Obviously, therefore, the advice which any outside body that is not responsible to Parliament could give must have some limitation. This must be an outside body, however competent it may be, and its advice and powers must be circumscribed in view of the fact that in existing circumstances the Minister is solely responsible for the expenditure of the money entrusted to his Department. Obviously, the Minister must be able to act in an independent capacity. Supposing he thinks something could be done, then, even if his advisers are against him, he must have the power to do that thing. It seems to me, therefore, as so much of the work of the Board of Education is concerned with the control of money voted by Parliament, that the question of financial control is one of paramount importance.

I am, however, very far from suggesting that the advice of experts is not of the very greatest possible importance to the Minister and to the Board of Education. May I give one or two instances showing how that advice is received and acted upon? As your Lordships are aware, many of the duties of the Board of Education are at the present time concerned with detailed administration. So long as they are so much concerned with detailed administration, the Minister, or the Board, must seek advice, and they do seek advice from local education authorities. Local education authorities, as my noble friend pointed out, are intimately concerned with administration, and I should like to assure my noble friend and your Lordships' House that in point of fact the various organisations are continually appointing representatives to confer with the Board of Education upon points of policy as they arise. Sometimes, indeed, the initiative comes from the local education authorities themselves. I remember many cases when I was at the Board of Education when that occurred.

Furthermore, the Minister frequently invites the representatives of local education authorities to come into consultation with him on various matters. I will give my noble friend an illustration of that by saying that the President of the Board has asked local education authorities to set up a committee, and that committee was meeting this very afternoon to confer with the Board on the question of block grants. Clearly, therefore, the Board is not so divorced from the local authorities, and from the teachers and other persons of practical experience in education, as might be inferred from what has been said here this afternoon. I myself was at the Board for some months—not long perhaps, but long enough to know that scarcely a day passes without a consultation with one or other of these representatives of practical education.

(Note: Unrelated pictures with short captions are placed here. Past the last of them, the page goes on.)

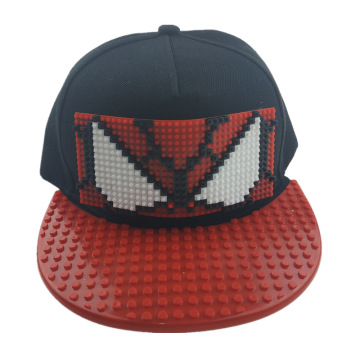 DIY LEGO -bakstenen versierde snapback caps voor kinderen: leuke en modieuze hiphophoeden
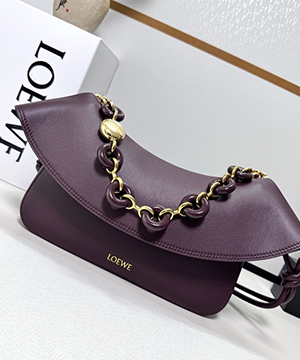 로에베 OLA 올라 미디엄 레더 숄더 AP22P22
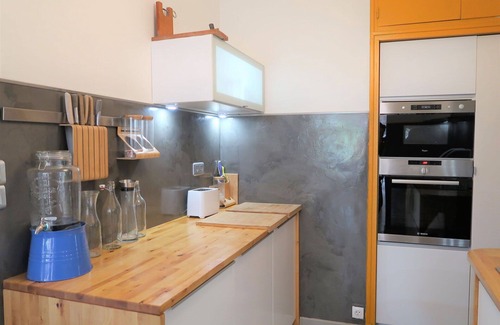 Cruis House | Stunning private villa for 6 people with WIFI, private pool, TV, terrace and pets allowed
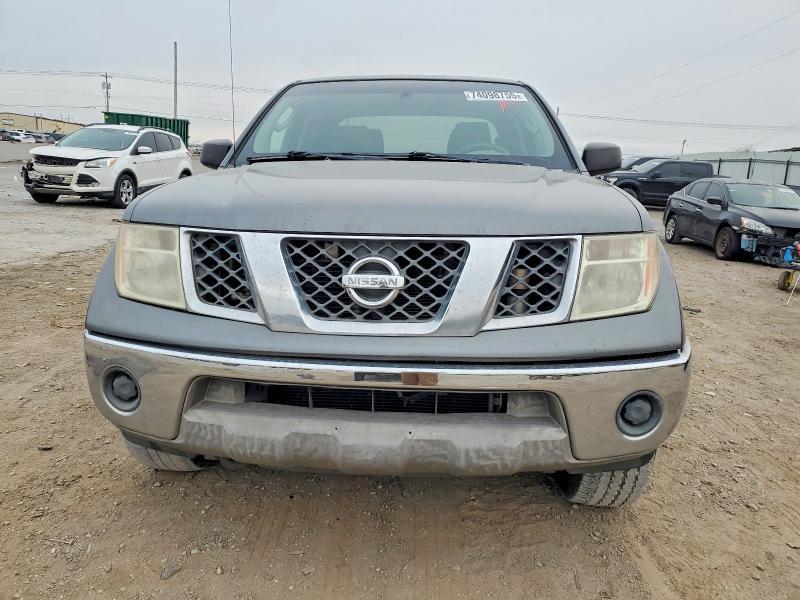 2008 Nissan Frontier Crew cab le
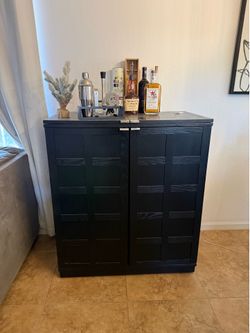 Bar cabinet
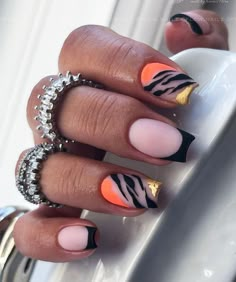 October Nails Fall Colors, October Nail Designs, October Nails Fall, Nails Fall Colors, Hard Gel Nails, Nail Designs Fall, Acrylic Nail Shapes, September Nails, Drip Nails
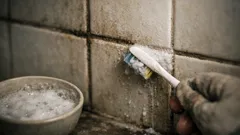 Jedlá sóda a peroxid vodíka: lacná pasta, ktorá rozžiari škáry aj dlaždice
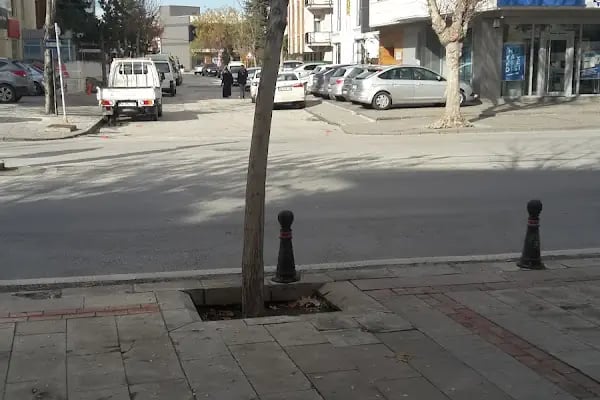 Türkiye İş Bankası Meram/Konya Şubesi - Resim 10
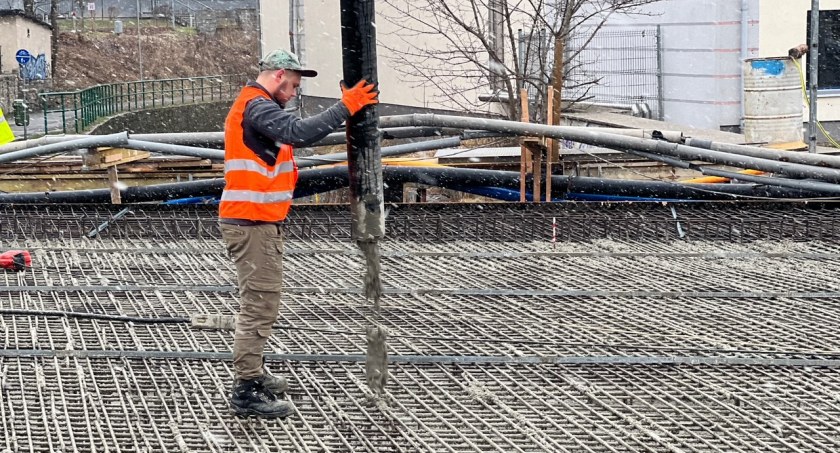 Dziś wylewają już beton na płytę mostu nad Młynówką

I will come now to another point. Criticism has been levelled at the Board on the ground that it is too much concerned with the work of detailed administration, and that, being so much concerned with the work of detailed administration, it is disabled to a certain extent from devoting as much attention as it ought to do to questions of educational policy. Speaking from my own personal experience I am rather disposed to think that that is perhaps the case. I am glad to say that both the noble Lord, the President of the Board, and the noble lady, the Duchess of Atholl, who is the Parliamentary Secretary—the two Ministers who are responsible for the policy of the Board—have indicated that they are in agreement with this view. The programme of the Conservative Party at the last General Election, which I think all your Lordships will agree was of a progressive nature, indicated that we intended to follow a progressive educational policy. In order to do that less stress will gradually be laid upon questions of detailed administration and more stress will be laid on the consideration and execution of general educational standards. If these developments are followed by the Board of Education and by the President of the Board, that Department will gradually become, broadly speaking, less of an administrative and more of an educational body, and the scope for advisory bodies will obviously increase.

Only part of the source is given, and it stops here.